In [None]:
knitr::opts_chunk$set(echo = TRUE)

Disclaimer : This is the Markdown file is for Task B

In [None]:
rm(list = ls())
library(plyr)
library(dplyr)
library(tidyverse)
library(ggplot2)
library(ggpubr)
library(rgdal)
library(geojsonio)
library(lubridate)
library(cowplot)
library(leaflet)
library(reshape)
library(raster)
library(RColorBrewer)
library(spatialEco)
library(htmltools)

B1. Create a GeoJSON file where each postcode is represented with a latitude, longitude value, together with minimum, maximum, mean and median house price.

Ans: We create a GeoJSON file with the required information

We load the required data. We remove the ID Column from the postcodes data set as it is a redundant column. Then we create a column to store the years of our original dataset.This is done for ease of viewing and grouping data ahead.

In [None]:
setwd("D:\\BSE\\BSE Material\\sem 2\\Data Vis\\Project")
pp_data <- read.csv("ppdata_lite.csv")


# Load file with postcodes and latitude/longitude
ukpostcodes <- read.csv("ukpostcodes.csv", header = TRUE, sep = ',')
#id seems redundant
ukpostcodes <- ukpostcodes[-1]
#selecting only required data
ppdata <- pp_data %>%
  mutate(year = as.POSIXlt(date_of_transfer)$year +1900)

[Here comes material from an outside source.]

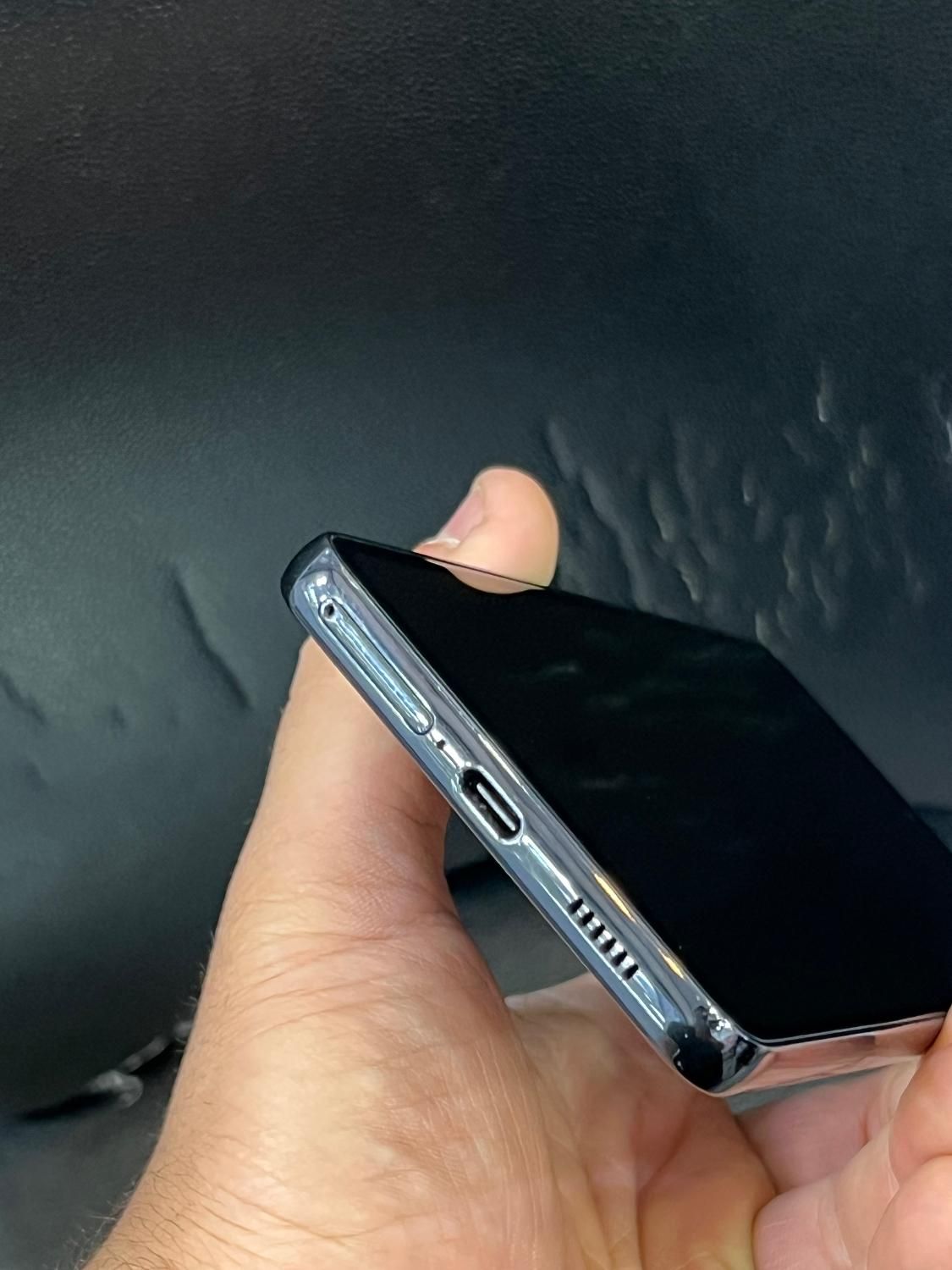 A53 2568 ram8|موبایل|تهران, تهران‌سر|دیوار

We create a seperate dataframe which would contain postcodes,prices and years.And find the mean,max,min and median for the postcodes available.

In [None]:
ppdata <- ppdata %>%
  group_by(postcode)%>%
  summarise_at(vars(price),list(mean_price = mean,
                                median_price = median,
                                max_price = max,
                                min_price = min))
  
head(ppdata)

ppdata2 <- ppdata[-1,]

We then remove the first row as it contains values starting from 0 which we would not require and throws an error when we merge the data with ukpostcodes. We create a spatial dataset and create the required GeoJSON file.

In [None]:
ppdata2 <- ppdata[-1,]
# Create GeoJSON file
merge_data <- merge(ppdata2, ukpostcodes, by = "postcode")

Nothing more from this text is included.